Section of Hematology/Oncology, Department of Medicine, University of Chicago Medicine & Biological Sciences, 5841 S. Maryland Ave MC 2115, Chicago, IL, 60637, USA.
Breast Cancer Res Treat. 2022 Aug;195(1):1-15. doi: 10.1007/s10549-022-06665-6. Epub 2022 Jul 14.
Immunotherapy has started to transform the treatment of triple-negative breast cancer (TNBC), in part due to the unique immunogenicity of this breast cancer subtype. This review summarizes clinical studies of immunotherapy in advanced and early-stage TNBC.
Initial studies of checkpoint blockade monotherapy demonstrated occasional responses, especially in patients with untreated programmed death-ligand 1 (PD-L1) positive advanced TNBC, but failed to confirm a survival advantage over chemotherapy. Nonetheless, pembrolizumab monotherapy has tumor agnostic approval for microsatellite instability-high or high tumor mutational burden cancers, and thus can be considered for select patients with advanced TNBC. Combination chemoimmunotherapy approaches have been more successful, and pembrolizumab is approved for PD-L1 positive advanced TNBC in combination with chemotherapy. This success has been translated to the curative setting, where pembrolizumab is now approved in combination with neoadjuvant chemotherapy for high-risk early-stage TNBC.

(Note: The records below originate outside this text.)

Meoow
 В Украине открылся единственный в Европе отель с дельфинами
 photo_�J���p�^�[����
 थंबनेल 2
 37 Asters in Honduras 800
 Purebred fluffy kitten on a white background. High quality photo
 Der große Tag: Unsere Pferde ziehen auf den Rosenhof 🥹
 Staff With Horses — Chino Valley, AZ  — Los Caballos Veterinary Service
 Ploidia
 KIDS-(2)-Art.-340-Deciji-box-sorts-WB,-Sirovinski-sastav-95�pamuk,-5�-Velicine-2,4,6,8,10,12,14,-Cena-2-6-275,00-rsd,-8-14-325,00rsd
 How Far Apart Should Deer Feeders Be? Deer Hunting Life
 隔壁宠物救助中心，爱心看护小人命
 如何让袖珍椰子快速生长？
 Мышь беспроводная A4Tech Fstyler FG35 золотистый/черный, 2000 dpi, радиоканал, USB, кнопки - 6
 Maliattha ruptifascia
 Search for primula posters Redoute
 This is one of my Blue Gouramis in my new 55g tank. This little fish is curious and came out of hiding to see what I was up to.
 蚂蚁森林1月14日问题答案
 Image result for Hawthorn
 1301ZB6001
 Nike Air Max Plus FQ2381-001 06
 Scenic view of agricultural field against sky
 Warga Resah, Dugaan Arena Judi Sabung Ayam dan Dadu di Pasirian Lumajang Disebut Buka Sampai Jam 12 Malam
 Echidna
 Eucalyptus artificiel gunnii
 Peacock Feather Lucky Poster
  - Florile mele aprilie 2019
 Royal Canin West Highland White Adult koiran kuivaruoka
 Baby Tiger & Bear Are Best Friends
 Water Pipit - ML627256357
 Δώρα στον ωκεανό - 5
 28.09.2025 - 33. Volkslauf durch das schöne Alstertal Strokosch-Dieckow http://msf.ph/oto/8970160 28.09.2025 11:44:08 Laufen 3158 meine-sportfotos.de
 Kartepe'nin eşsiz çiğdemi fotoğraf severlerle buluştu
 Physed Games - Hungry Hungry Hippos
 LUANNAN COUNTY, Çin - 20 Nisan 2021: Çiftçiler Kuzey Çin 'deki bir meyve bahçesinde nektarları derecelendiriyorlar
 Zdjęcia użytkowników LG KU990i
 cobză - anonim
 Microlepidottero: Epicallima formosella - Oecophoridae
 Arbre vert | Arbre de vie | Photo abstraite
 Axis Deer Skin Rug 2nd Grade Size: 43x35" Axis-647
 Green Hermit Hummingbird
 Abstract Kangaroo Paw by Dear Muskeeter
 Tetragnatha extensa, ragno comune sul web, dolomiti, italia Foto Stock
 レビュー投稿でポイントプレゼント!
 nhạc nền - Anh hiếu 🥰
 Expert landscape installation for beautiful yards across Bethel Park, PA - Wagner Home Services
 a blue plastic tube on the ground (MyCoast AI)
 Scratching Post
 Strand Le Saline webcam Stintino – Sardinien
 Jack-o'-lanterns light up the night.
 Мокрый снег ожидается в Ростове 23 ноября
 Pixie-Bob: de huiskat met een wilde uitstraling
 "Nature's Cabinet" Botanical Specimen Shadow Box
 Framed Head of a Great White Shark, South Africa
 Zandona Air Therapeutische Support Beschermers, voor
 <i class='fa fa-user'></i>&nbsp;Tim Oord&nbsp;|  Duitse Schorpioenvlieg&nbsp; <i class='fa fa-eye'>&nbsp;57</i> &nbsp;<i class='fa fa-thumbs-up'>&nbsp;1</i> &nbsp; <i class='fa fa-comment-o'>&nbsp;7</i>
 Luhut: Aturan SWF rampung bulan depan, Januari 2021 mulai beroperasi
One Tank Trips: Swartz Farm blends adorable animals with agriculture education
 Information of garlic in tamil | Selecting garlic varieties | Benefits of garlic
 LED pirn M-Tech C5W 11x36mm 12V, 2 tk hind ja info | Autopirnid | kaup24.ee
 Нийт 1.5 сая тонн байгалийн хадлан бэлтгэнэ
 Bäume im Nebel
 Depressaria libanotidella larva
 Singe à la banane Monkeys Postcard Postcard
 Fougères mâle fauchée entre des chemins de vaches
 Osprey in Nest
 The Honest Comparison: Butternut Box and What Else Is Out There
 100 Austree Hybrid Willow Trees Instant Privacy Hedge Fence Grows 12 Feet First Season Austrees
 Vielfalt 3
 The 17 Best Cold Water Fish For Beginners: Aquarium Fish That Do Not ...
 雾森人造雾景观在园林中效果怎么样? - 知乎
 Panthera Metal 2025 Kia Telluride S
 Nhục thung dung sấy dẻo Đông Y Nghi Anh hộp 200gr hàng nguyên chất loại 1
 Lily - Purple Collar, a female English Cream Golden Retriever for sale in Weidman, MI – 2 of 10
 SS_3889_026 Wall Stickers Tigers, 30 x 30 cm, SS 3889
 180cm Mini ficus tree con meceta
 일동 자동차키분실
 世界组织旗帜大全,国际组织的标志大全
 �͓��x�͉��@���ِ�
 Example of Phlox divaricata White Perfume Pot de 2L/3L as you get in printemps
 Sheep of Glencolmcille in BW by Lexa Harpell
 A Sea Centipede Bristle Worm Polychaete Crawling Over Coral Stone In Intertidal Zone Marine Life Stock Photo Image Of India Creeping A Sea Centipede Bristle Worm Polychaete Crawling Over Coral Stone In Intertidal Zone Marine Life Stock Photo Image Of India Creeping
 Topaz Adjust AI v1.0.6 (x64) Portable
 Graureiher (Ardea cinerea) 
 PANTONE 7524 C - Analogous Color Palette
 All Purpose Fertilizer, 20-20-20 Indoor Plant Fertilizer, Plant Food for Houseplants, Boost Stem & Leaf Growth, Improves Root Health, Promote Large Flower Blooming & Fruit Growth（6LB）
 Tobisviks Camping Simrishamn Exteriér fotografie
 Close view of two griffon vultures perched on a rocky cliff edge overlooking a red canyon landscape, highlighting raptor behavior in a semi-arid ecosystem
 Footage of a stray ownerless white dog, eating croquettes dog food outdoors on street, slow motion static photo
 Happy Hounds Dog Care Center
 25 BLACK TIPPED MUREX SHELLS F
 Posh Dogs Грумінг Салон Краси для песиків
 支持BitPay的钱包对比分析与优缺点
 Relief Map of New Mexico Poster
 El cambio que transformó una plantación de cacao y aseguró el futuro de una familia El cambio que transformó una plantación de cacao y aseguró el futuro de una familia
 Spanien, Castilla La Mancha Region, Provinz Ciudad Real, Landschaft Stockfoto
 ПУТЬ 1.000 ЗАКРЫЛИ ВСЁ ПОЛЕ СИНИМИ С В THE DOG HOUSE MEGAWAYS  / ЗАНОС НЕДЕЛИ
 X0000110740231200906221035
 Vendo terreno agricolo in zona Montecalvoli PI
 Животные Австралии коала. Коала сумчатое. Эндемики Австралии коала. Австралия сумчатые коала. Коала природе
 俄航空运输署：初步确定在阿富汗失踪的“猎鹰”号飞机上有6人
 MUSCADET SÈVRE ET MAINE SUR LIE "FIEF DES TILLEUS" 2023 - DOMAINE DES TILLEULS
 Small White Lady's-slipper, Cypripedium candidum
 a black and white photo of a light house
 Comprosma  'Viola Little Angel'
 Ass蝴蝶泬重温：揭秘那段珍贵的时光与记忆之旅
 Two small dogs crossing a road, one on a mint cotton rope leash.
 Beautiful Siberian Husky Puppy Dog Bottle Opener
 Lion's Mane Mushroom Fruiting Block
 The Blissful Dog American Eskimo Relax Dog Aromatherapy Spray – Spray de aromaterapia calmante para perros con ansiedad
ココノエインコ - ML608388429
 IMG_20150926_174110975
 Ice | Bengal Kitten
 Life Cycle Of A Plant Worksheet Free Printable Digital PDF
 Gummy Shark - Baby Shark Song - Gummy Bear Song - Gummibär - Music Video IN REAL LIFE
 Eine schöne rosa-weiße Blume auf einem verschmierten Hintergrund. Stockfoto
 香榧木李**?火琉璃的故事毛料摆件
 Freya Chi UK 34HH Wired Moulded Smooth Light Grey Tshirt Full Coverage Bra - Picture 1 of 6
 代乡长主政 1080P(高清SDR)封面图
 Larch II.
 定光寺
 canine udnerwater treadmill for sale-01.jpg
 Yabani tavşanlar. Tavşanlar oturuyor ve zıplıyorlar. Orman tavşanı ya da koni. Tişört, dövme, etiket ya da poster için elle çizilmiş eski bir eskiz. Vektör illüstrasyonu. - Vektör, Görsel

Immunotherapy has been a welcome addition to the growing armamentarium for TNBC, but responses remain limited to a subset of patients. Innovative strategies are under investigation in an attempt to induce immune responses in resistant tumors-with regimens incorporating small-molecule inhibitors, novel immune checkpoint targets, and intratumoral injections that directly alter the tumor microenvironment. As the focus shifts toward the use of immunotherapy for early-stage TNBC, it will be critical to identify those who derive the most benefit from treatment, given the potential for irreversible autoimmune toxicity and the lack of predictive accuracy of PD-L1 expression in the early-stage setting.
免疫疗法已开始改变三阴性乳腺癌(TNBC)的治疗方式,部分原因是这种乳腺癌亚型具有独特的免疫原性。本综述总结了免疫疗法在晚期和早期 TNBC 中的临床研究。
最初的检查点抑制剂单药治疗研究显示出偶尔有应答,尤其是在未经治疗的程序性死亡配体 1(PD-L1)阳性的晚期 TNBC 患者中,但未能证实与化疗相比有生存优势。尽管如此,帕博利珠单抗单药治疗已获得用于微卫星不稳定高或高肿瘤突变负荷癌症的肿瘤不可知批准,因此可以考虑为选择的晚期 TNBC 患者使用。联合化疗免疫治疗方法更为成功,帕博利珠单抗联合化疗获批用于 PD-L1 阳性的晚期 TNBC。这一成功已转化为治愈性环境,目前帕博利珠单抗已获批与新辅助化疗联合用于高危早期 TNBC。
免疫疗法已成为 TNBC 治疗方法不断增加的一种可喜补充,但应答仍然局限于一部分患者。目前正在研究创新性策略,试图在耐药肿瘤中诱导免疫应答,包括使用小分子抑制剂、新型免疫检查点靶点以及直接改变肿瘤微环境的肿瘤内注射。随着免疫疗法在早期 TNBC 中的应用重点转移,鉴于潜在的不可逆自身免疫毒性和 PD-L1 表达在早期环境中缺乏预测准确性,确定最受益于治疗的患者将至关重要。